[Focus] Film makers write to Brussels over digital rights reform
HELENA SPONGENBERG
08.11.2006 @ 09:19 CET
EUOBSERVER / BRUSSELS - Some of Europe's most acclaimed film directors have come together to warn the European Commission against ending private copy levies - a system that impose a charge on all sales of computers or other equipment that can be used to make unlicensed private copies of their work.
The letter was signed by the cream of European film making talent (Photo: Notat)
Pedro Almodovar, Jean-Pierre and Luc Dardenne, Costa Gavras, Nanni Moretti, Mike Leigh, Ken Loach and Lars von Trier on Tuesday (6 November) sent a joint open letter to the commission expressing their "wholehearted support to the principle of compensation for the private copying of audio and audiovisual works."
"Creators should have the right to be fairly compensated for their work when the latter is being reproduced. While consumers have the ability to copy films, film directors should be able to exercise their right to perceive a compensation for such usage," the letter said.
The compensation scheme is in use in 20 of the EU's 25 member states but the EU executive is preparing a fresh recommendation - due in November - on whether to reform a 2001 copyright directive, with early drafts of the recommendation hostile to the levy system.
"Our only assets as creators are the rights granted to us as authors of intellectual property works. Therefore questioning this right to compensation for private reproduction is a frontal attack on our 'droit d'auteur' or copyright," the film makers said.
The information and communication technology (ICT) industry, which produces the wide-ranging products that manages artists' creative works - such as DVD recorders and MP3 players, argues that advances in digital rights management (DRM) technology have made levies obsolete.
DRM systems encrypt digital products so that they can only be copied a limited number of times for private use limiting the scope for piracy and widespread file sharing among consumers, with the levies taking a €1.6 billion a year bite out of the industry according to software lobby BSA.
But the film directors argue they "fail to see how DRM will be a substitute to this right, whose implementation is worth €560 million a year to the creative industries in Europe" and added that the numbers put forward by the ICT industry are "inaccurate."
"Our craft is to write and direct movies [but] it is becoming harder to finance European stories," the letter stated, with all of the signatories having won prestigious international film prizes such as the Cannes Palme d'Or price or the Oscar or both for their work.
"Creators provide most of the material which consumers want to copy. Without this content, consumers would only be able to make copies of their own work. As a result, the attraction of consumer electronics to store or copy would be much weaker. We believe, therefore, that it is fair that content creators receive compensation for private copying," they say.

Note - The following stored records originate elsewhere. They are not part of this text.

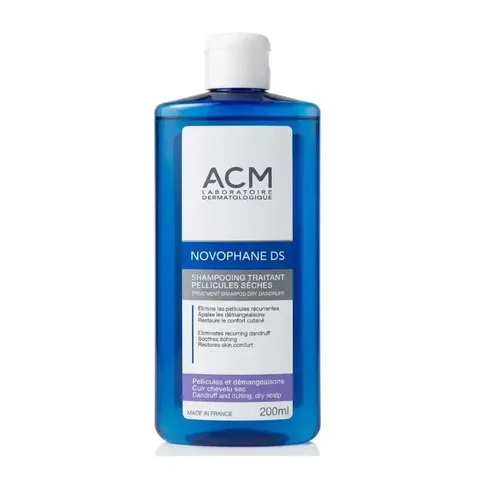 ACM Novophane Shampooing Traitant Pellicules Sèches 200 ml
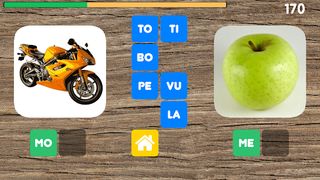 Scrivere con le sillabe 2 - Screenshot 1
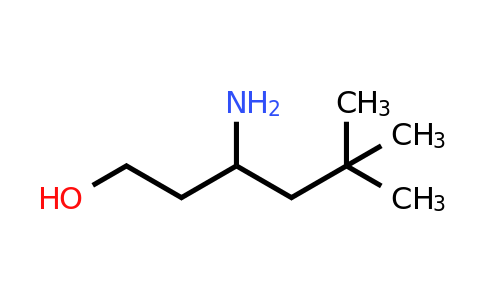 CAS 1315304-18-7 | 3-amino-5,5-dimethylhexan-1-ol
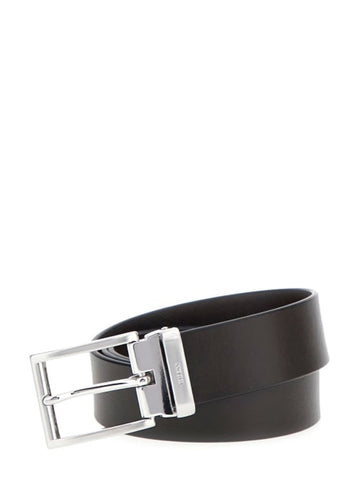 GUESS MEN'S REVERSIBLE BELT BMCMSEP4335 DKB BROWN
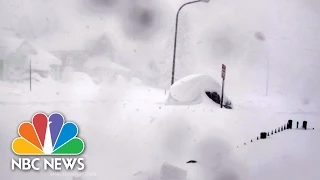 Freezing Temperatures In All 50 States | NBC News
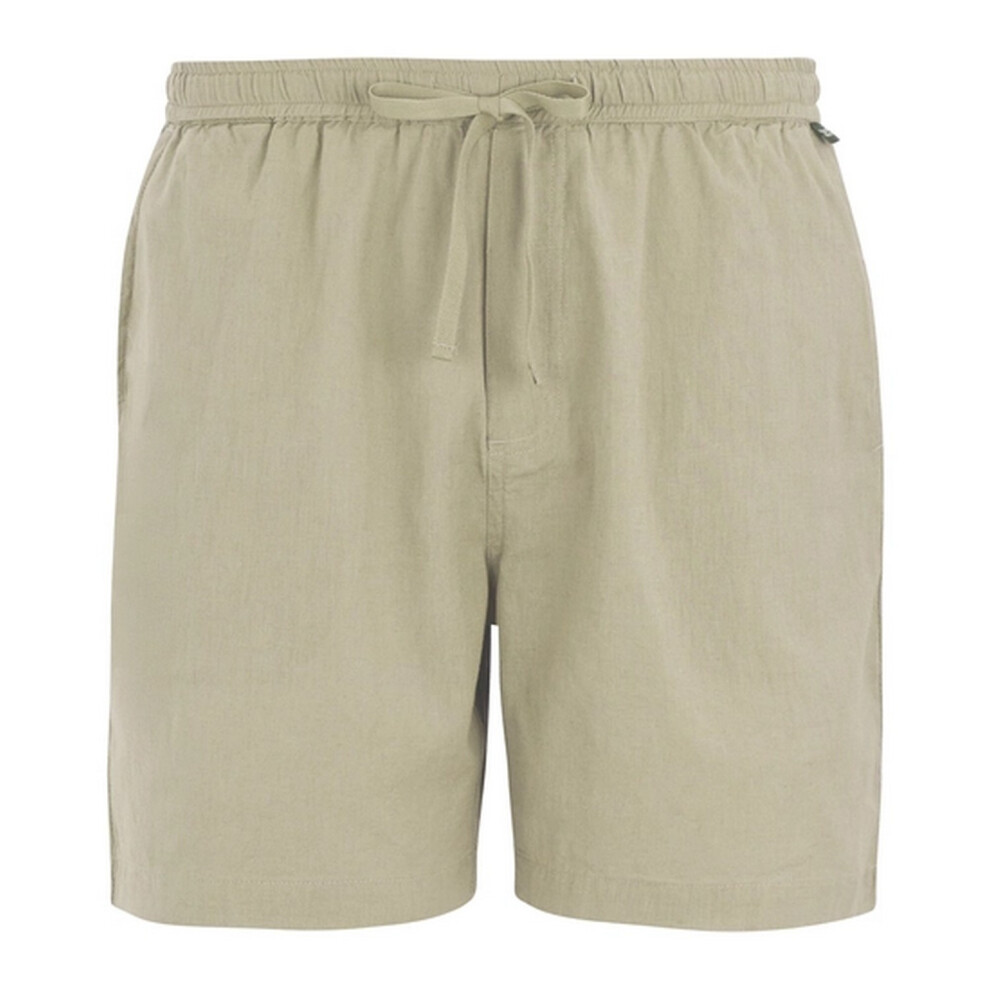 Regatta (Xl, White Pepper) Mens Hadlin Shorts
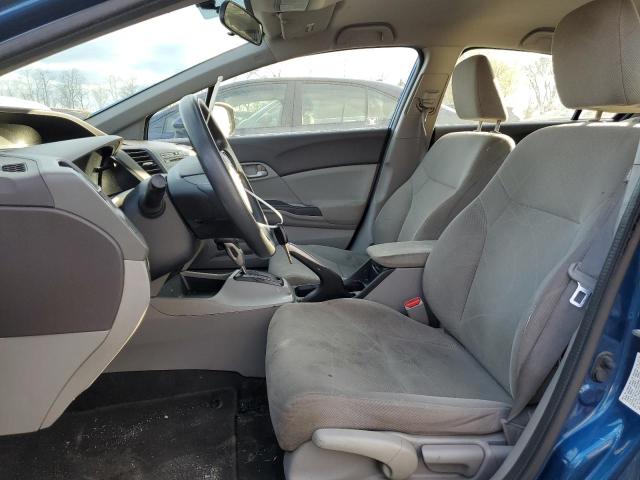 Foto 7 de la subasta – 2012 HONDA CIVIC LX con VIN 19XFB2F57CE039005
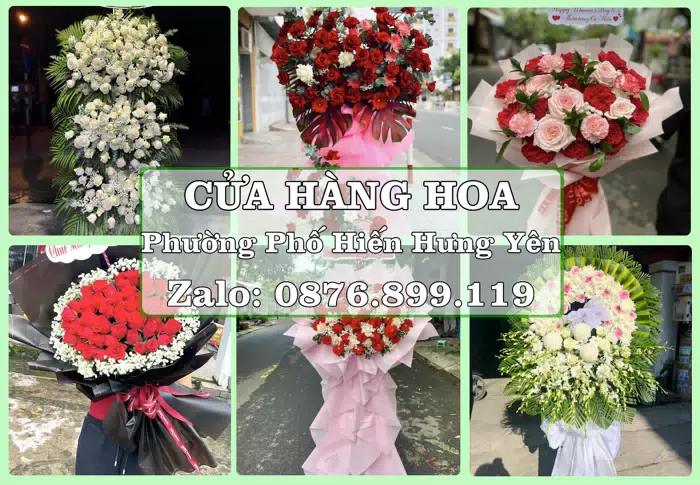 Shop hoa tươi tại Phường Phố Hiến Hưng Yên – Từ bó hoa tặng đến giỏ trái cây biếu · ảnh 1
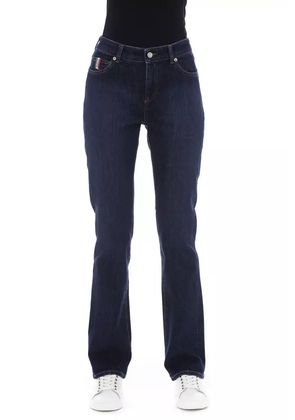 Baldinini Trend Blue Cotton Jeans & Pant - W33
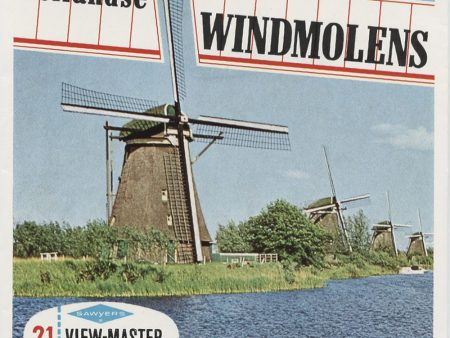 Hollandse Windmolens - View-Master 3 Reel Packet - vintage - C394N-BS6 Sale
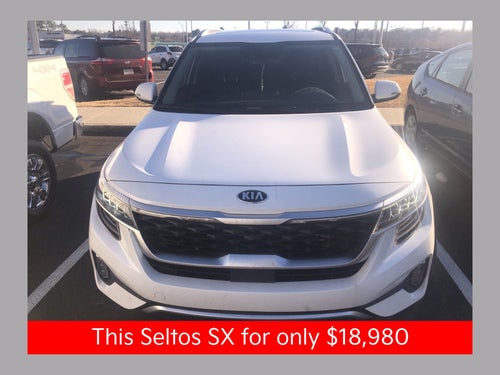 2021 Kia Seltos SX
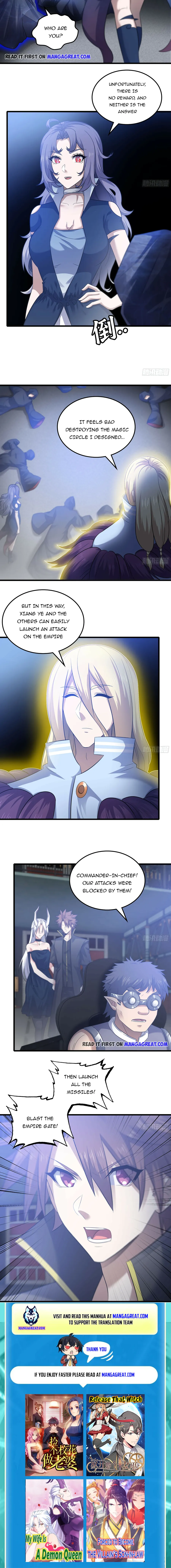 My Wife is a Demon Queen Chapter 414 page 7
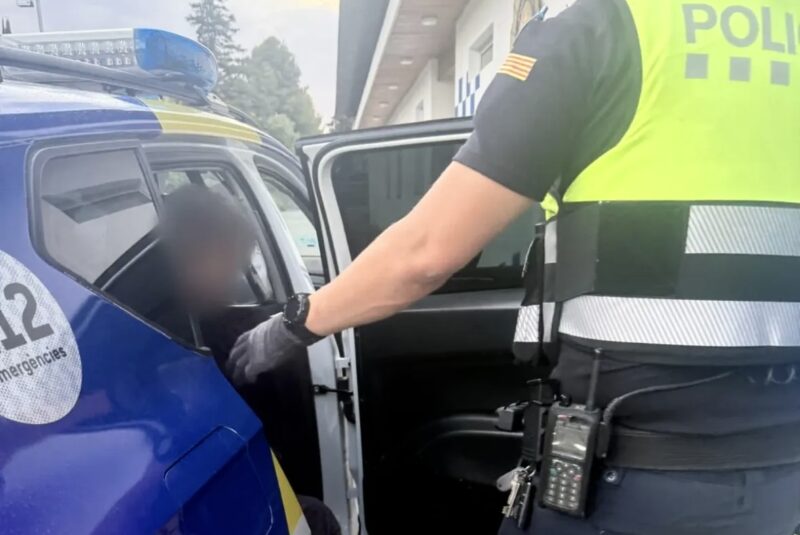 La Bustia detencio robatori i danys Martorell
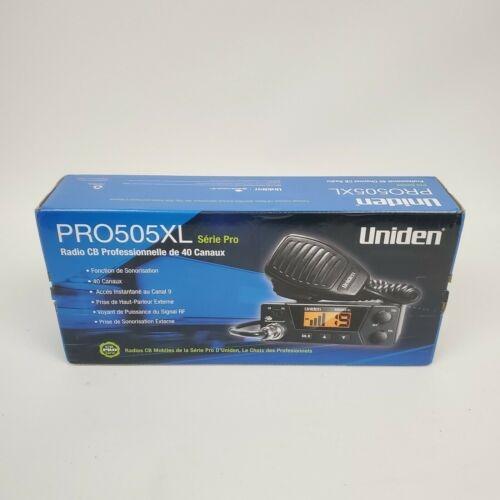 Uniden PRO505XL 40-Channel CB Radio. Pro-Series, Compact Design. Public ...
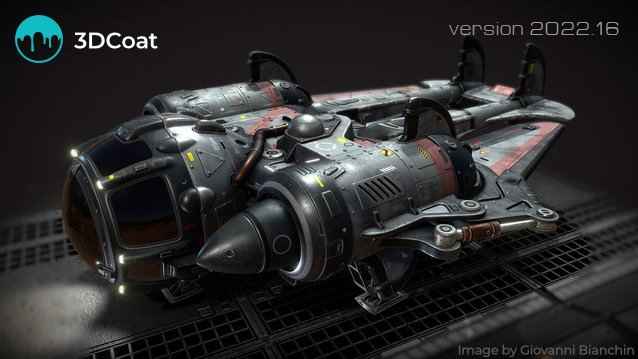 Descargar 3DCoat – Completo v2025.17 (x64)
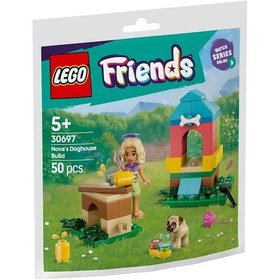 Resim Lego Friends 30697 Nova's Doghouse Build 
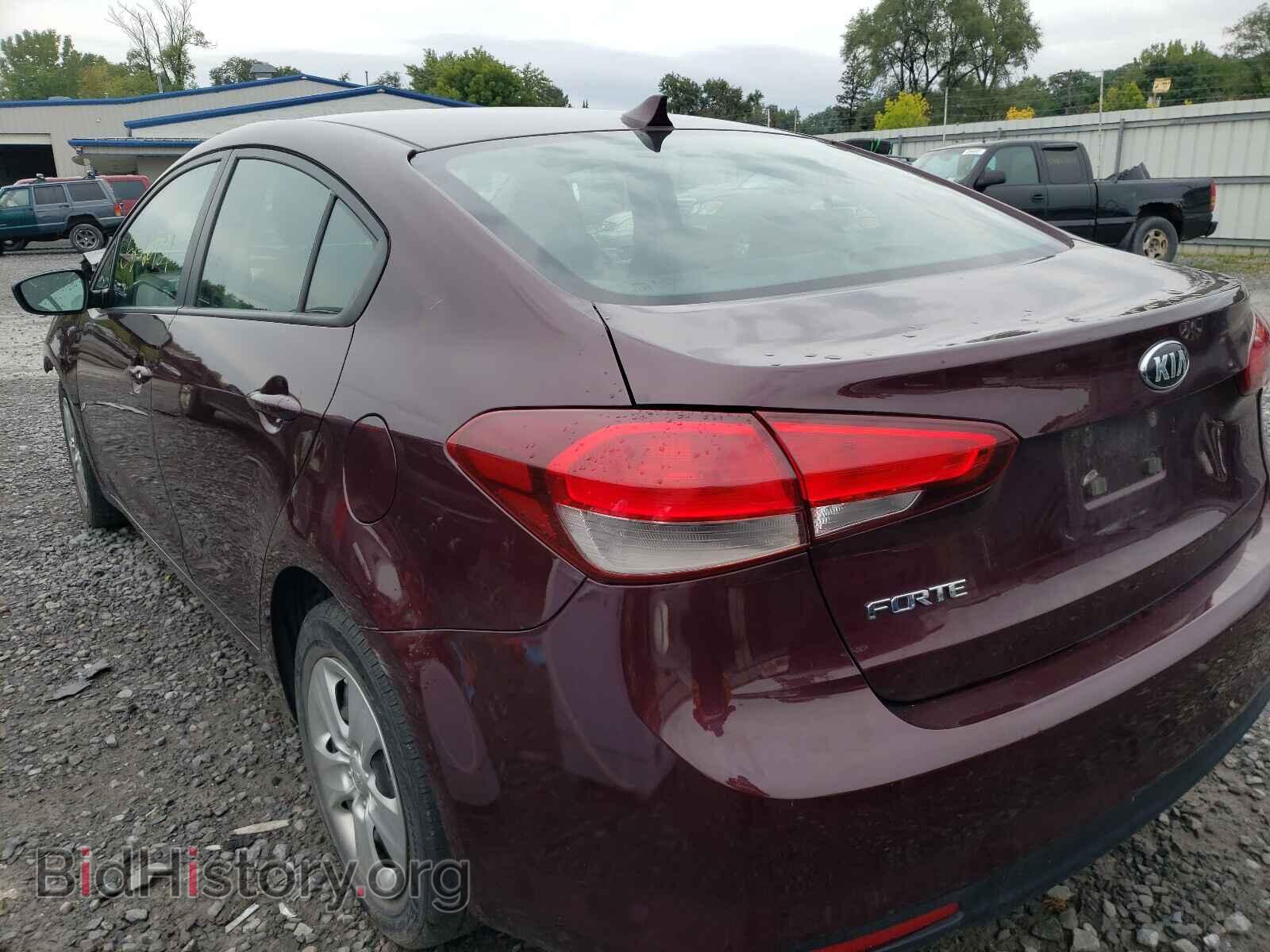 2017 KIA FORTE - VIN: 3KPFK4A70HE131083 - Фото 3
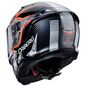 Preview: Caberg Helm Avalon X Gurkha schwarz/grau-fluo-orange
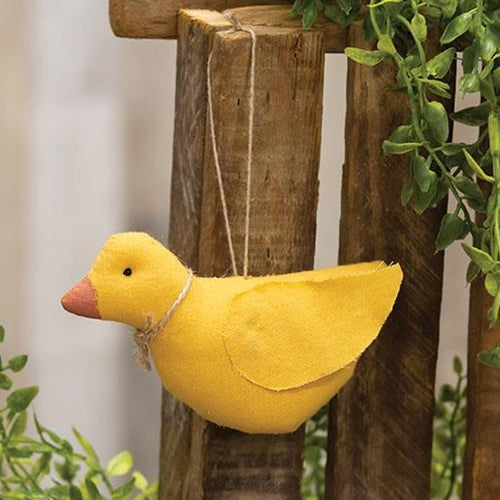 Stuffed Primitive Chick Ornament – Primitive Renditions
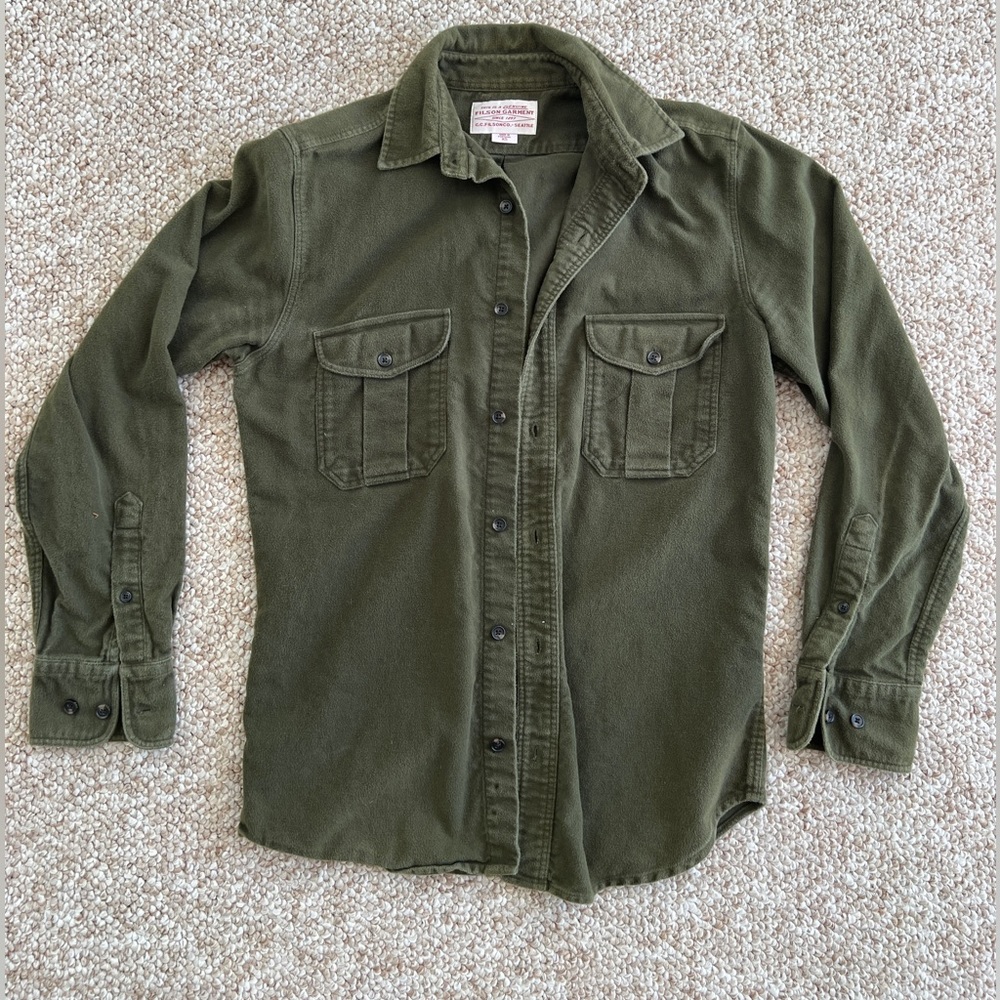 Filson Men's Moleskin Seattle Shirt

The film directors also called on the market-driven Barroso commission to "take culture and creativity into account when developing policies" with some 10 percent of the levy income channelled to cultural diversity projects around the EU.
Speaking on broad trends in the digital market place in October, single market commissioner Charlie McCreevy said "some people have looked at what we are doing with suspicion. They fear that change will lead to the devaluing of creative work and that it will undermine Europe's cultural diversity."
But the commissioner - whose department is responsible for the levy reform - added that "Technology is changing every aspect of our world, including how music is created and circulated. It is happening, whether we like it or not. The choice was never about standing still. It was about keeping up or falling behind."